Vodafone: Google could strangle mobile networks

Vodafone has warned that Google’s grip on the mobile market could prevent operators from making much-needed improvements to the data networks.

Vittorio Colao, chief executive of the world’s largest mobile operator, told the Mobile World Congress that new business models must be created to cope with the demand for data services.

The comments added to the impression that while handset makers, chipmakers and service providers are all flourishing from the rapid growth of smartphones, operators are being left to worry about how they are going to fund the necessary improvements in network capabilities.

If we don’t start conserving bandwidth, in the next few years we are going to run into a capacity crunch

BlackBerry-maker Research in Motion said it was well aware of the problem, saying that smartphone manufacturers must start developing less bandwidth-guzzling products or risk choking already congested airwaves.

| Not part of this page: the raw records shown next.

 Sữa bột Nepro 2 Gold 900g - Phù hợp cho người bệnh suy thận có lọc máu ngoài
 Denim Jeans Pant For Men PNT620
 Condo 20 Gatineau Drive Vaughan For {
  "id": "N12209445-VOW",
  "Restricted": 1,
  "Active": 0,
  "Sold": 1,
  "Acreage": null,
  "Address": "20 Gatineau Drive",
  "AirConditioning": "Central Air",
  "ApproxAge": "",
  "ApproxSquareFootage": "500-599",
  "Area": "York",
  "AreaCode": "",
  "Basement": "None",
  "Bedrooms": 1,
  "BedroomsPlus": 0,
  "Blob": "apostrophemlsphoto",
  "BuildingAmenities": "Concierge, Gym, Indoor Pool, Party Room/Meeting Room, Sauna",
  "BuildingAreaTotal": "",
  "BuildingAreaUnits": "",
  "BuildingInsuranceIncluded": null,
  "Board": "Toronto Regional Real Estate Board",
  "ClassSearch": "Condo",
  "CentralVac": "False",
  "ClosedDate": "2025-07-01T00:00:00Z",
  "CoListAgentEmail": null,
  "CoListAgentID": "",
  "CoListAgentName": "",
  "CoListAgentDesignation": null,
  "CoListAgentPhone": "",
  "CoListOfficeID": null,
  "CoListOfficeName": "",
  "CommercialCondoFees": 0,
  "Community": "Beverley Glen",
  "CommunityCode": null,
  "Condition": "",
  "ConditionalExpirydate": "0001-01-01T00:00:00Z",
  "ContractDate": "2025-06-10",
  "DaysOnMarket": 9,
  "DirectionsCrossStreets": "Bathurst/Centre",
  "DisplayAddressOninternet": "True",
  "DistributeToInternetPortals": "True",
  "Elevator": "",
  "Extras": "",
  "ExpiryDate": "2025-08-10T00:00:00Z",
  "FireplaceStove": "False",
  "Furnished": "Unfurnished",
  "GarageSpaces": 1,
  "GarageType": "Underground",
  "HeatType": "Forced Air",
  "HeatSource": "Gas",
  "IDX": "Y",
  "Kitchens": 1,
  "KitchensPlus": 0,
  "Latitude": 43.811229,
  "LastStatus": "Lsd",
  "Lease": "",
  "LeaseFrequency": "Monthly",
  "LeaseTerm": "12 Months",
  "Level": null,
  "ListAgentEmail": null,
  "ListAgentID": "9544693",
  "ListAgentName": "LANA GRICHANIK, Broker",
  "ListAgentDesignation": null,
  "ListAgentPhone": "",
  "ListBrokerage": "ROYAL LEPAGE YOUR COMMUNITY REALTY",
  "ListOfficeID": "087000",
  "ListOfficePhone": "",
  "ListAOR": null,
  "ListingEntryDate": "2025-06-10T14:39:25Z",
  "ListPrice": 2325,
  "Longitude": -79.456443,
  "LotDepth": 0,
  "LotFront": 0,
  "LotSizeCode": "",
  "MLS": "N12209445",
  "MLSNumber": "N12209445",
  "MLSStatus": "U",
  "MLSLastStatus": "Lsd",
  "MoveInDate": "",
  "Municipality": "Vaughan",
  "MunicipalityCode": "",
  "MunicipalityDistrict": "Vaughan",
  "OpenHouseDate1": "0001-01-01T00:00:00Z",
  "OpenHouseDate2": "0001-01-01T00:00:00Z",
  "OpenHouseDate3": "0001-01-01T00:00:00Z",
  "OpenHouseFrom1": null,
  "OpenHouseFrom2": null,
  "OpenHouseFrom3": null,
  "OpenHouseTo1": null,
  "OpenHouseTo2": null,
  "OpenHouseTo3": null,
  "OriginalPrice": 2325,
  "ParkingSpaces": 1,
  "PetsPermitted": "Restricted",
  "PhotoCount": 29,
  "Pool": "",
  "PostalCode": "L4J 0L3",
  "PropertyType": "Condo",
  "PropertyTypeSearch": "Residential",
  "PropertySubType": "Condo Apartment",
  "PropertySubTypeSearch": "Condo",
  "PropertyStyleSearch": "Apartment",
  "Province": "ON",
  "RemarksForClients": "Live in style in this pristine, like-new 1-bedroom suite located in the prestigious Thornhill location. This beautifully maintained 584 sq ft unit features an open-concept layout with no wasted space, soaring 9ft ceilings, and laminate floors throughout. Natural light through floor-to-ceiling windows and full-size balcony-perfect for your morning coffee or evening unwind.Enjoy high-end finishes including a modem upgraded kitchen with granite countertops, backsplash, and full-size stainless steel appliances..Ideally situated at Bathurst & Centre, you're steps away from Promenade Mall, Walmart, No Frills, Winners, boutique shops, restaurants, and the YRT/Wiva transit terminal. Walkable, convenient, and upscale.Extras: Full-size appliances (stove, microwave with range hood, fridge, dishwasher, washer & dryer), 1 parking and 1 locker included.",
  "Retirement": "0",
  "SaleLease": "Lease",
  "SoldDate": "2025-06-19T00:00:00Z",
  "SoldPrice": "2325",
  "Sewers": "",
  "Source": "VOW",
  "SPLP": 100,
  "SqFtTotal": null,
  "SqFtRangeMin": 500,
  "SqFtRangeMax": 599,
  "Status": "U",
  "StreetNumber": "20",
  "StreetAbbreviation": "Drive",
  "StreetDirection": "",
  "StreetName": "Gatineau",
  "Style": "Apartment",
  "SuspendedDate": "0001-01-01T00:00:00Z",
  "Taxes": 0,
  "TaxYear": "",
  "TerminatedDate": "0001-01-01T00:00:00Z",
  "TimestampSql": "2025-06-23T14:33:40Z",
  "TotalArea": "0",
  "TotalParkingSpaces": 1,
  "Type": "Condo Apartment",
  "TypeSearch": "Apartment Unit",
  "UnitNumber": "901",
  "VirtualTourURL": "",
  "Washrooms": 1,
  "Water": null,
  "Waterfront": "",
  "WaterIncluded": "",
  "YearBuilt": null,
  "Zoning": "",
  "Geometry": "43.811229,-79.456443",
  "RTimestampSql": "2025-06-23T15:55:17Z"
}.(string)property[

“Manufacturers had better start building more efficient applications and more efficient services. There is no real way to get around this,” said BlackBerry’s co-CEO Mike Lazaridis. “If we don’t start conserving that bandwidth, in the next few years we are going to run into a capacity crunch. You are already experiencing the capacity crunch in the United States.”

Colao said the industry was at a key point in its development, as it adapts to the new economic realities of the smartphone and the ever-increasing amounts of data being consumed.

He picked out two areas of concern. One was Google’s dominance of the mobile search and advertising market, which he said was something that should be “looked at.” He also said there was not enough competition in certain fixed-line markets in Europe, which could affect the supply of higher data speeds.

Colao said the industry needed to look to alternative business models, such as charging customers more for higher or guaranteed bandwidth. He also said applications should be transferable between devices. “Let us work together to deliver truly competitive, truly open and truly sustainable technology,” he said.

Last week, Spain’s Telefonica, parent company of British network O2, said it was considering charging search engines.